I am an Asian American designer, born to two immigrant parents. As a child, my earliest memories of community were in Chinese American restaurants. For my parents, these restaurants were amongst the few places they could experience a sense of belonging. As I have grown older, I have inherited the same longing for the warmth these restaurants have once provided for them. However, the same restaurants I ate at as a child would close, either because owners would retire or would not afford to run under the increasing rent. In closing their doors, I would find cold, corporate storefronts moving in, pushing out institutions that would once foster an accepting environment.
This frustration inspired me to create the broadside Won't You Remember Me? using letterpress, hand-set poetry, linoleum cuts, and polymer plates. The composition depicts linoleum-cut eyes and a hand overlapping a drawing of a former Chicago, Chinese American restaurant, King Wah Lo. Lines of poetry frame these illustrations:
Won't you remember me?
Buried frame lied to waste
Neon beam, naked body
New name replaces mine–
Thumping concrete, broken softly.
With these words narrating the interaction between body and building, the layering illustrations suggest a departure of the restaurant from the figure's grasp, blurring the lines in determining whether the building is an abstract memory, a tangible place, or a person. Unfortunately, not much documentation of King Wah Lo exists. My only reference to its presence belongs on a singular postcard preserved online. In response, I have attempted to pay homage to a long-forgotten restaurant while memorializing my yearning and grief in holding onto a memory.

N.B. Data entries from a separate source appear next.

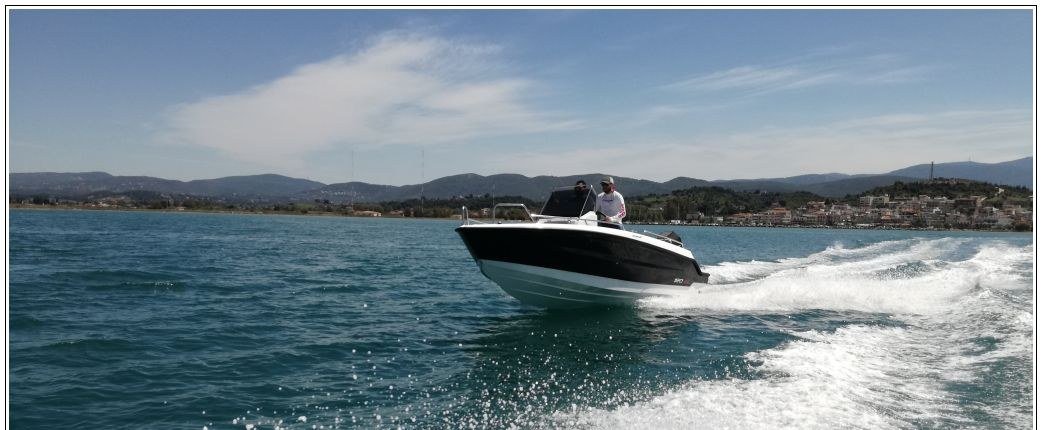 Compass 190 CC en navigation, vue de profil sur l'eau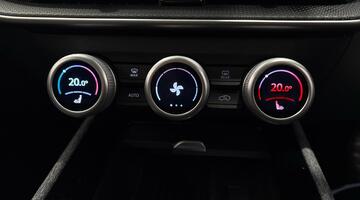 2025 Škoda 2.0 TDI SE Technology DSG Euro 6 5-door (Silver) - Image: 34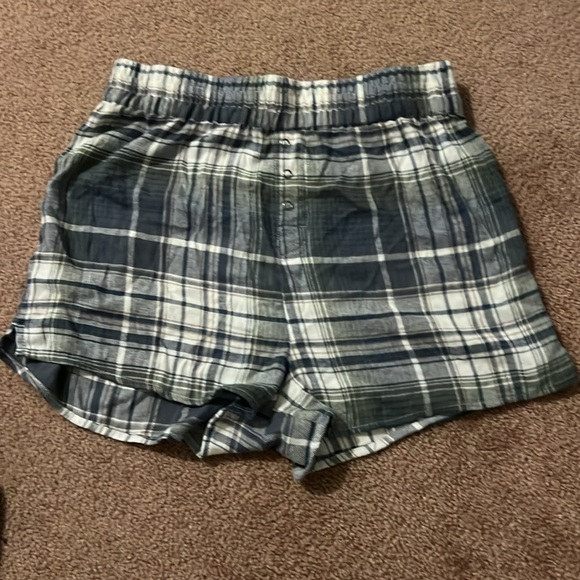 Plaid pajama set size medium - Picture 2 of 6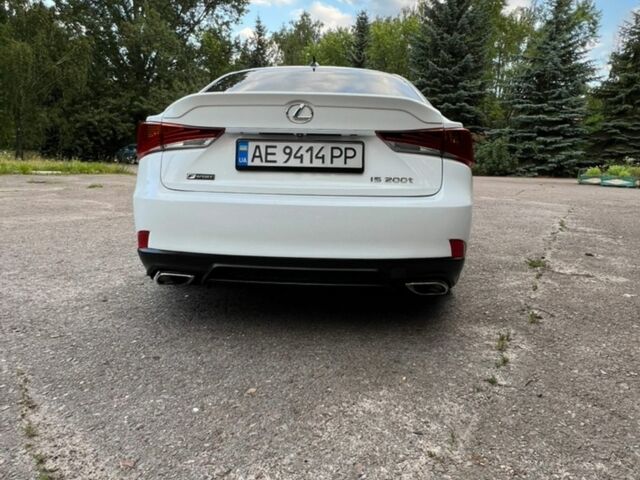 Білий Лексус ІС, об'ємом двигуна 2 л та пробігом 117 тис. км за 19900 $, фото 6 на Automoto.ua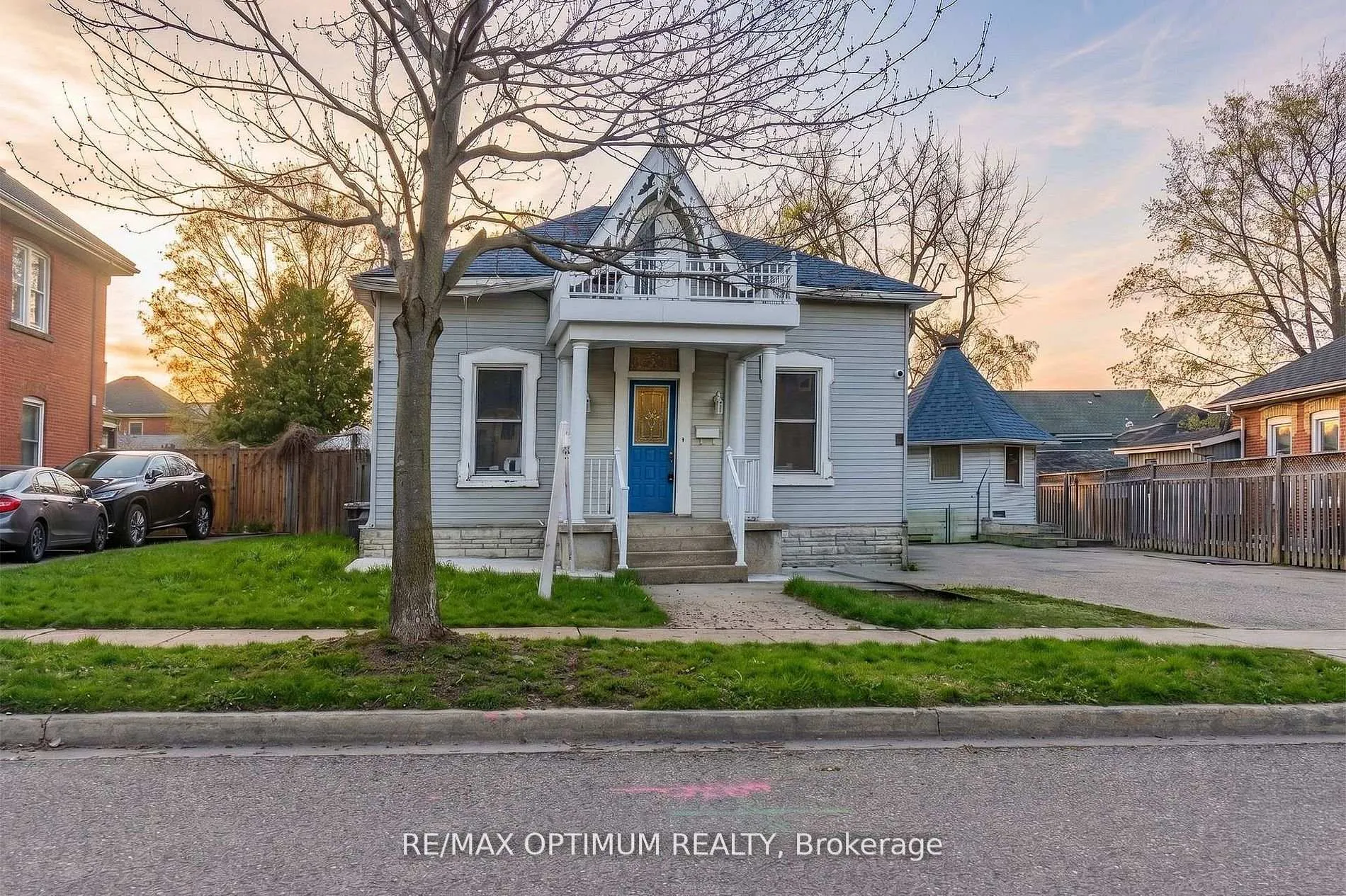 Photo 24 of 4 Denison Avenue, Brampton, Downtown Brampton — HOMEH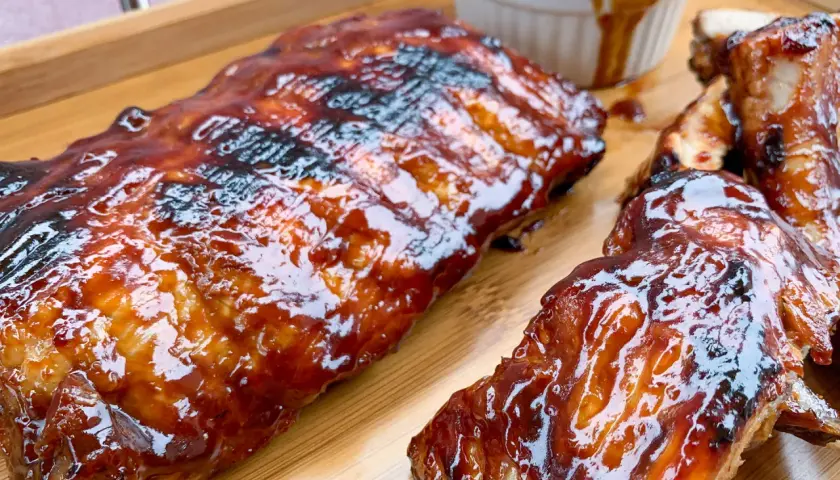 Délicieux ribs de porc laqués, prêts à être dégustés. Le temps de cuisson ribs parfait pour cette texture tendre et caramélisée.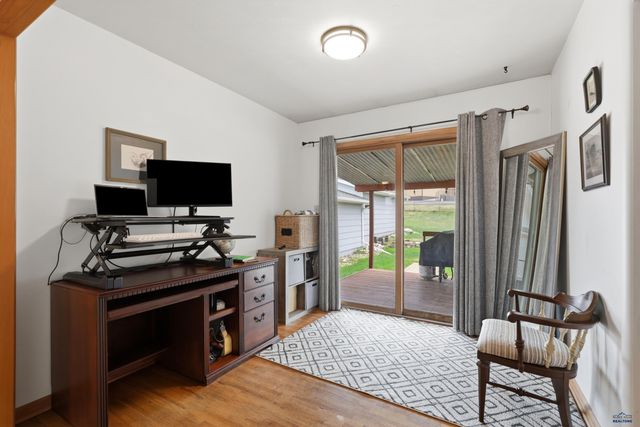 2627 LAWNDALE DR, Rapid City, SD 57702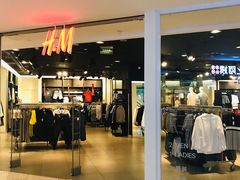 -H&M(鹏欣水游城店)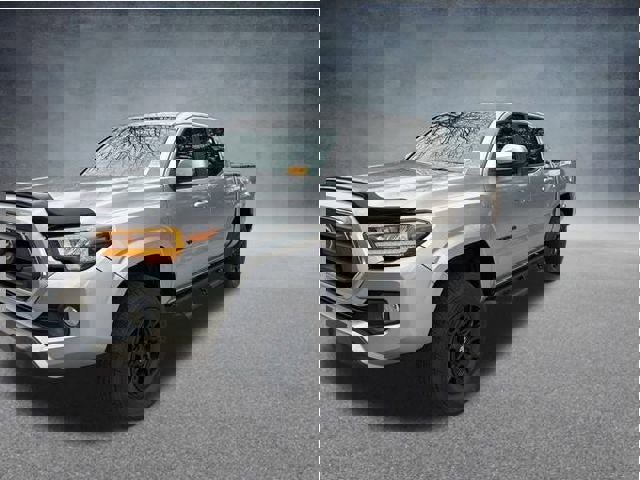 Used 2022 Toyota Tacoma SR5 image 14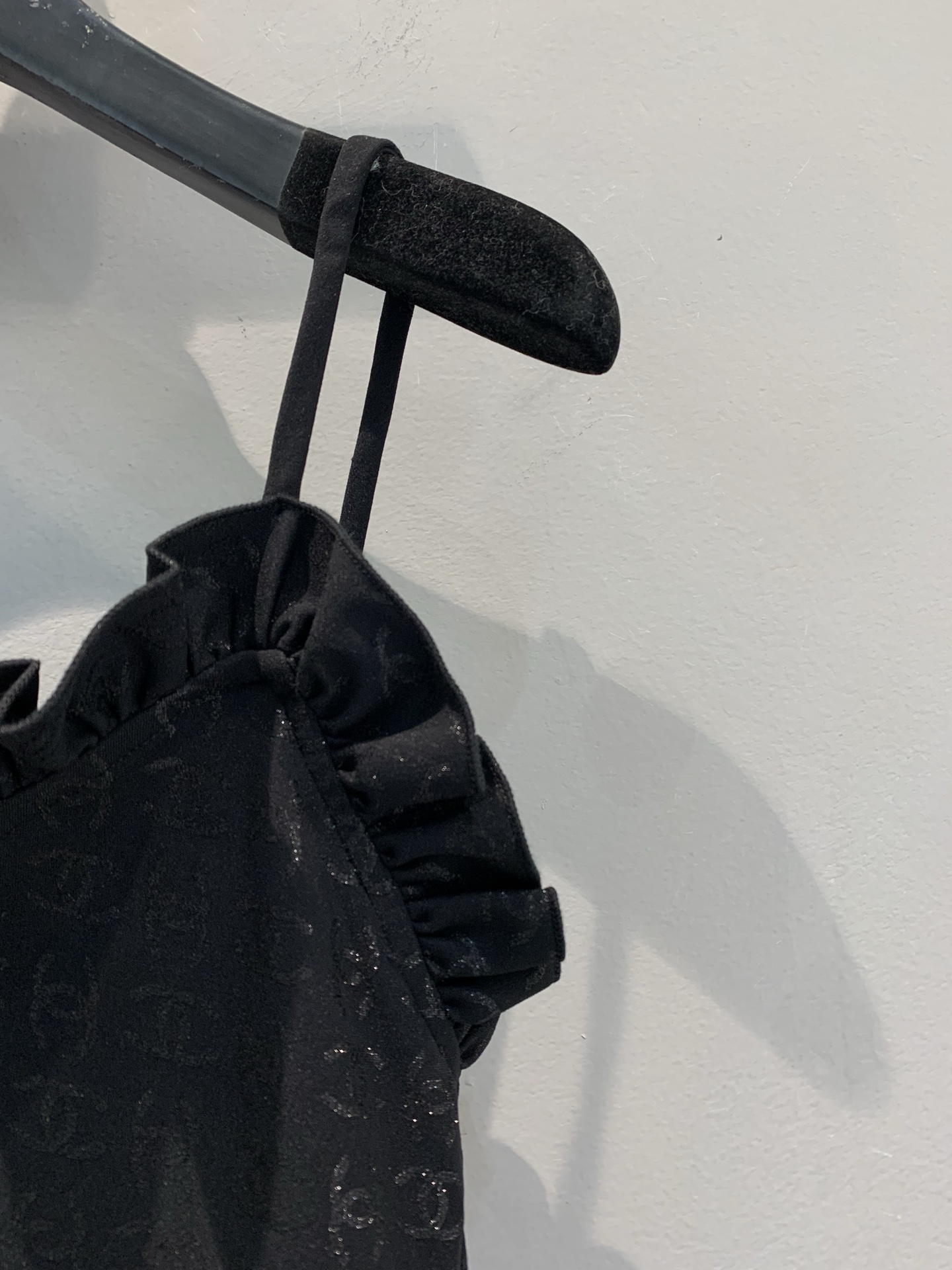 新款🔥出货啦📢！原版开发 C家春夏新款花边泳衣，原版定制暗纹双C提花面料，面料弹力十足，上身恰到好处的贴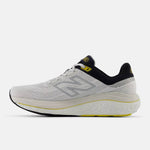 New Balance - Men's 860v14 Shoes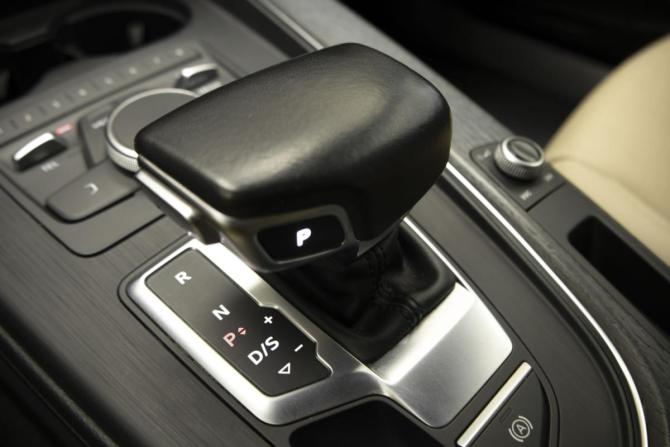 Audi A4 V (B9) с пробегом 2017 года, цена 2 299 000 рублей, 71100 км, седан, Автокод Объявления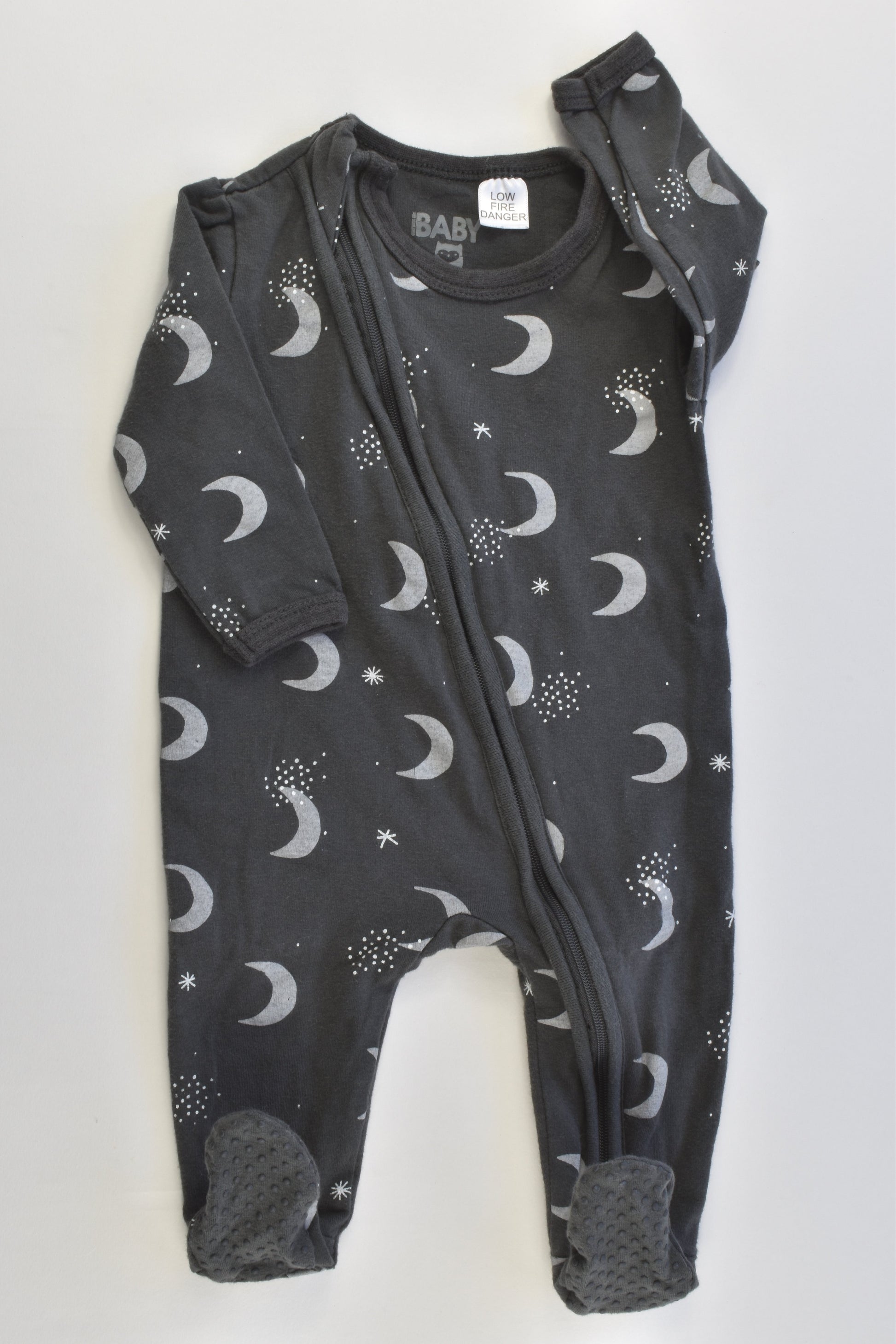 Cotton On Baby Size 000 (0-3 months) Night Sky Footed Romper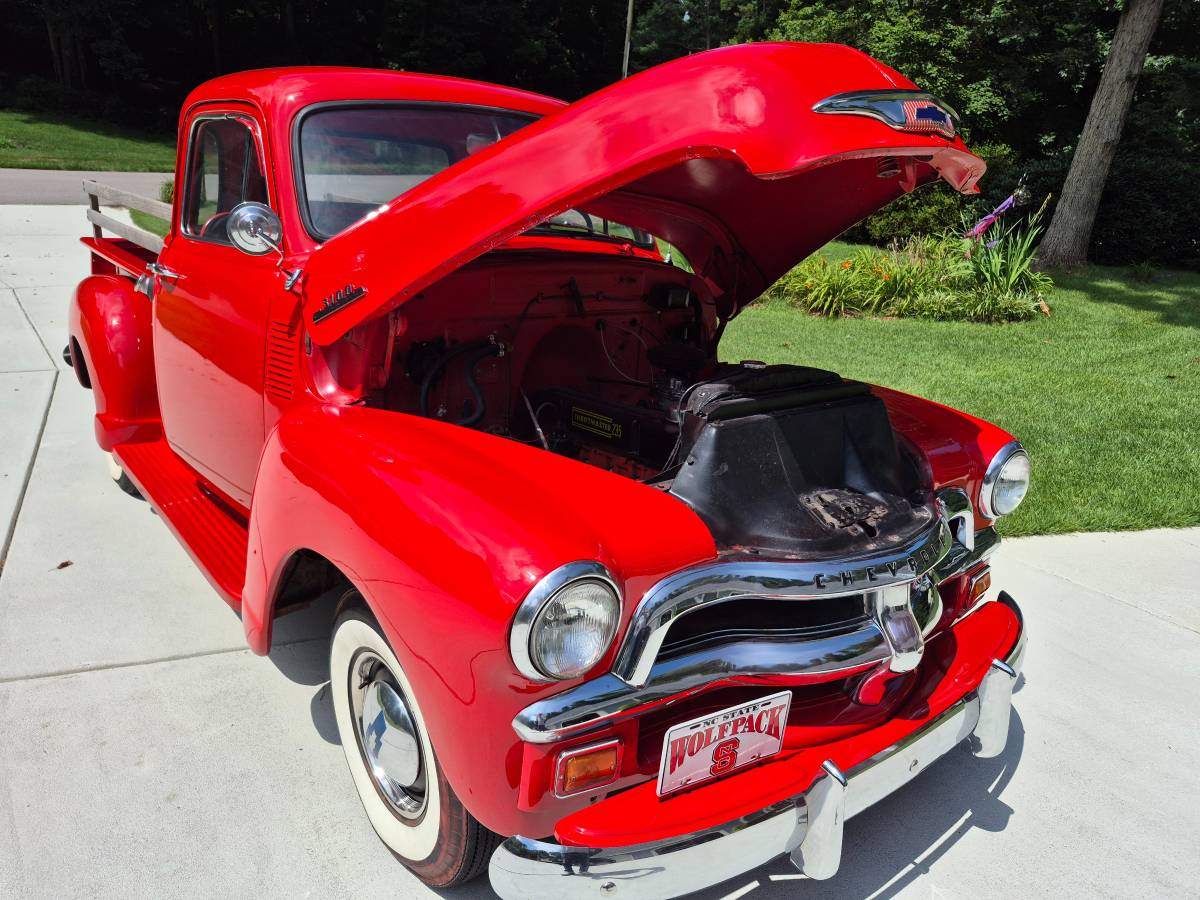 Chevrolet-3100-5-window-truck-1954-red-10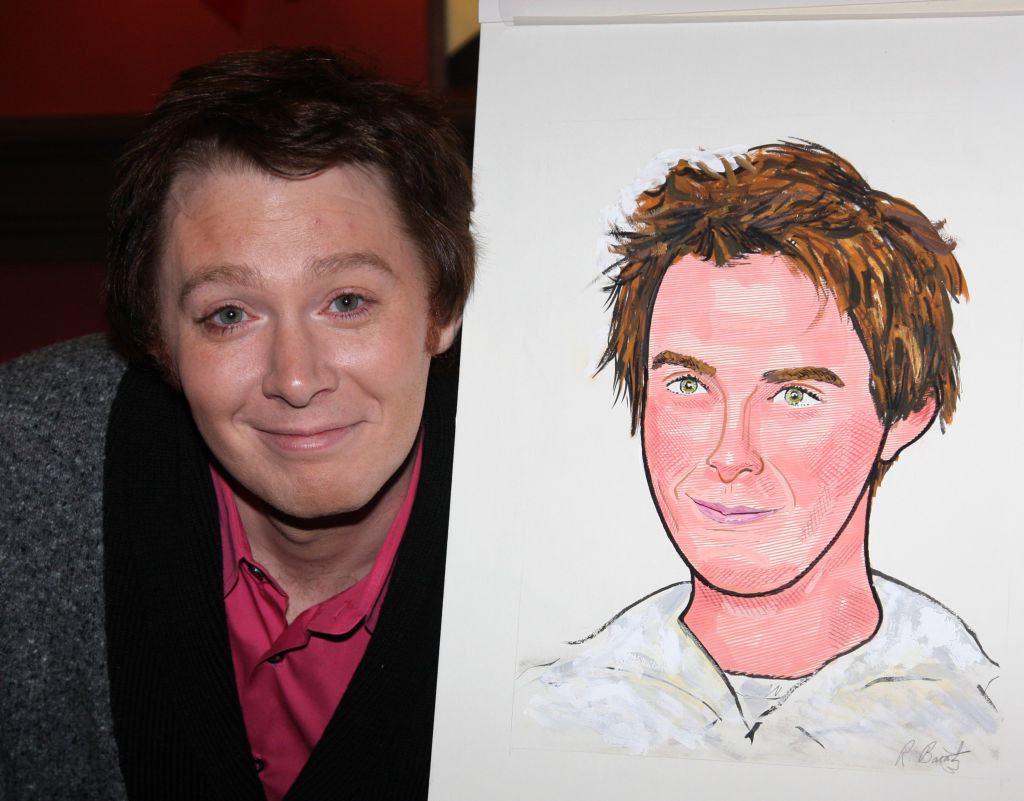 Side-by-side of Clay Aiken and a drawing of him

I believe letterpress is the perfect medium for this broadside, as the practice mirrors my desire to keep community institutions that almost feel alive. It is dire to preserve letterpress history and to transform its legacy. Although the practice is obsolete in the modern era, it facilitates a welcoming environment for affected printmakers, like the community restaurants foster for immigrants in the United States. Perhaps "immigrant printing" initially existed out of necessity in the past to assimilate in a new, foreign country. However, as an immigrant child and a letterpress printer, I hope to transform what immigrant printing looks like and preserve a history of community and artmaking for all walks of life.